Dicono che all’americano medio bastino poche cose per essere felice: un bar pieno di gente, drink alcolici come se piovesse, qualche femmina da abbordare al bancone, un biliardo poco distante, una partita di baseball alla televisione (magari una serie come quella andata in scena di recente tra i Red Sox e i Mariners) e un disco dal vivo della Dave Matthews Band. Giusto per rallegrare ancora di più l’ambiente.
Da questo punto di vista il nostro amico immaginario dovrebbe andare sul sicuro visto che il dream team della Virginia di live album ne ha finora pubblicati qualcosa come ottantacinque. Niente di paragonabile ai Pearl Jam (l’altro monumento contemporaneo del suono a stelle e strisce), ma pur sempre un ennesimo paradigma del “troppo” che la DMB riesce ogni volta ed evocare.
Uno dei loro brani più celebri (mancato clamorosamente nella data di Milano), d’altronde, s’intitola Too Much e ironizza, su di una irresistibile base funky, sulle malsane abitudini del mondo occidentale, States in testa. “Mangio troppo. Bevo troppo. Voglio troppo. Troppo.”: il ritornello fa esattamente così. Ed anche lo show del Mediolanum Forum, terza e conclusiva data del mini-tour italiano della DMB, non è stato esente da questo mantra consumista. Perché Dave e soci, quando si esibiscono, danno tutto. Pure troppo.
La mail del promoter italiano, ricevuta di prima mattina, avverte di presentarsi sul luogo del concerto entro le ore 20 precise. Scrupolo inutile: è risaputo che la Band (allargatasi ormai a sette elementi e diventata inevitabilmente “altro” dopo la tragica scomparsa del sassofonista LeRoi Moore avvenuta ormai undici anni fa) cominci presto per potersi lanciare sia in set list voluminose che sempre diverse dalla sera precedente. Magari poi i brani si ripetono, ma è la sequenza a mutare e sono le jam, costanti e torrenziali, a dar loro nuova forma. Non siamo ad uno show dei Coldplay, insomma.

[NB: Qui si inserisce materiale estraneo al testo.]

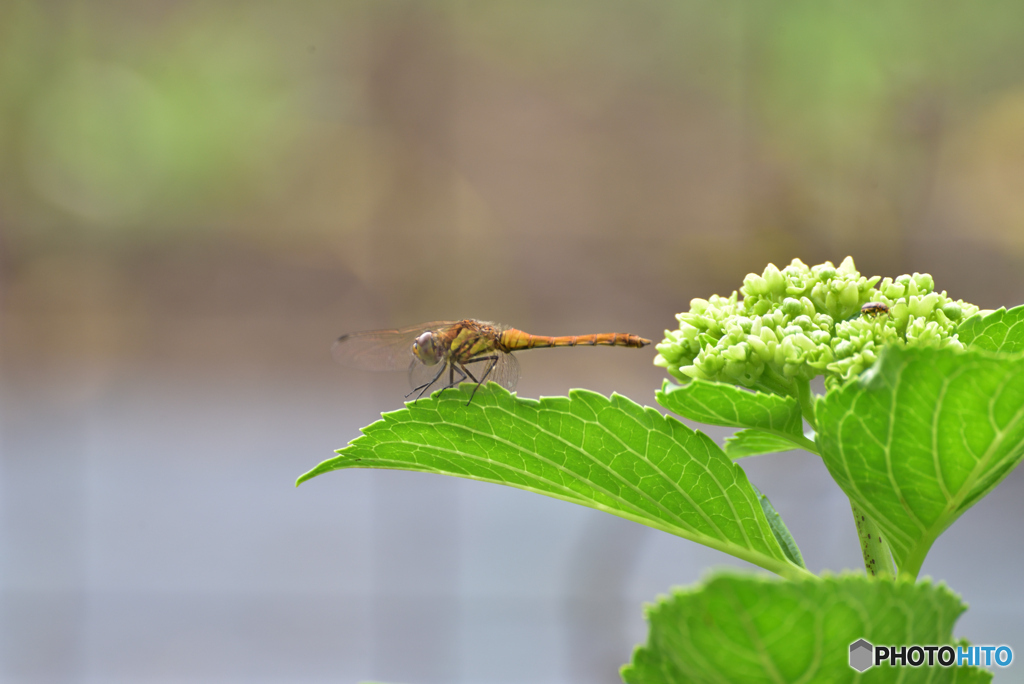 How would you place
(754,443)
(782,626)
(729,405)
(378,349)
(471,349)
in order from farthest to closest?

Da queste parti il canovaccio pop non sanno neanche cosa sia.
Letta in quest’ottica, la Dave Matthews Band è davvero la “cosa” più importante che circoli nel rock made in USA da tanti anni a questa parte. Più significativa dei già citati Pearl Jam (troppo statici e nervosi nel riproporre il loro mito), più dei Phish (troppo sfuggenti), più dei Foo Fighters (troppo hard), più addirittura di Springsteen (troppo teatrale ultimamente). Insomma, siamo sempre ancorati al concetto del troppo.
Leggetela così: Matthews e company hanno sia il songwriting pragmatico (eccellente anche quello contenuto nell’ultimo Come Tomorrow, loro nono album uscito lo scorso giugno) che la fantasia sfrenata. I muscoli, tanti muscoli, ma anche la leggerezza di fregarsene. Loro, in pratica, suonano. Soavi. A cuor leggero. E tutto all’improvviso diventa il minuscolo palchetto di un locale. Anche se attorno a te vedi gli spalti (non gremitissimi, a dire la verità) di un enorme palasport. E poi tu stai in piedi nel parterre da un paio d’ore e loro, instancabili, vanno avanti come se avessero cominciato da una manciata di minuti. Troppo forti.

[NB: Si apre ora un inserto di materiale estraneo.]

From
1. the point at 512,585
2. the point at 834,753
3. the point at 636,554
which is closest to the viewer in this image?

Guardiamoli e descriviamoli: Dave Matthews, ovviamente, è il leader. Un capo anomalo, a dircela tutta: fisico da benzinaio o da quello che ti consegna la pizza ai peperoni, è al contempo un vero prodigio artistico. Voce assurda (immaginatevi un misto tra Peter Gabriel e Eddie Vedder) quando percuote la sua acustica pare Paul Simon (e difatti in Warehouse, secondo brano in programma, spuntano subito ritmi africani e calypso) però è anche dannatamente tenebroso (la stupenda Gravedigger, eseguita in quel di Milano e tratta dal suo canzoniere solista) e funky nel senso più meticcio del termine.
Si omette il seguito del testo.